The elites who drive around in fancy automobiles and attend cozy conferences in Brussels face a similar conundrum. A contagion effect could occur on the continent, where France and Germany and Spain and Belgium might experience a real upsurge in nationalist sentiment, prompting governments there to hold votes on whether or not to stay or go. For now, there appears to be little will to bolster the EU in most European capitals—rather the reverse. Germany fears that with the UK exiting there will be even less inclination to enforce monetary rules inside Europe, with Berlin serving as the welfare agency for a bunch of listless spongers. As Henry Farrell rather politely observes in the Washington Post, doubling down on Europe “would require a degree of political cohesion and shared vision that is not apparent right now. More plausibly, the decision of the U.K. to leave will strengthen the forces that are pulling E.U. member states away from each other.”
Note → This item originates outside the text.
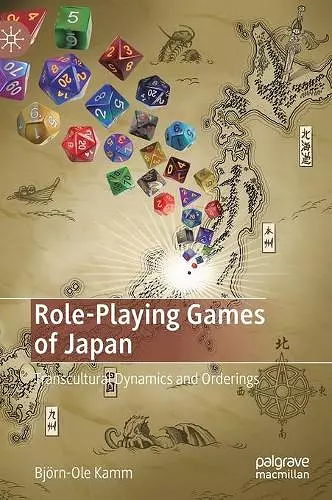 Role-Playing Games of Japan cover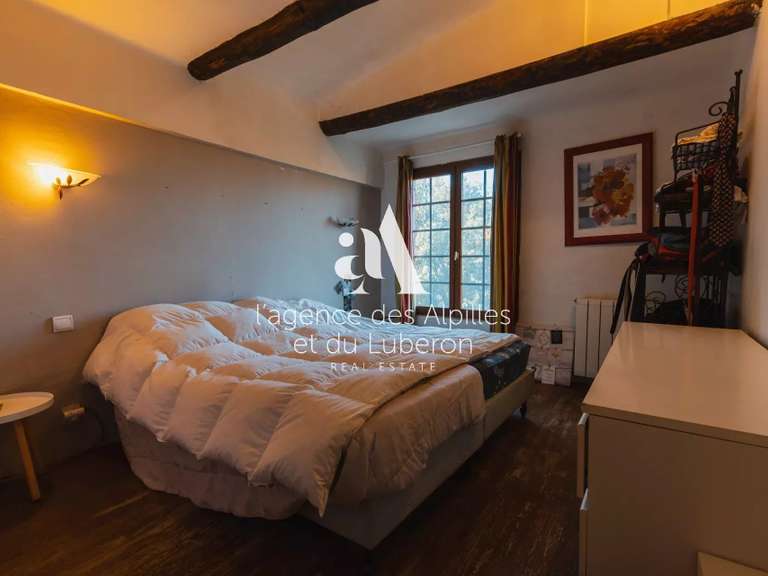 Maison Bonnieux - 3 chambres - 130m²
As it stands, Germany has profited mightily from the European Union. It has enabled Berlin to rely on exports, both within Europe and to the rest of the world. The euro is far weaker than any revived deutsche mark. The collapse of the European dream would also come as a psychological shock to Germany. Its entire postwar identity has been predicated on the belief that it could subsume itself into Europe. If this project fails, as it may, then Germany could either emerge as an unleashed superpower in the middle of Europe—or it could simply lapse into economic malaise. Germany’s commitment to up its spending on the Bundeswehr suggests that there is at least some measure of urgency to pull up its collective lederhosen and assume a more assertive foreign policy stance.
The blunt fact is that the European Union has only itself to blame for its current predicament. Or maybe the flaw was in the conception itself. Henry Kissinger once asked, “Who do I call if I want to call Europe?” After Brexit, that remark seems more apt than ever.
Jacob Heilbrunn is editor of the National Interest.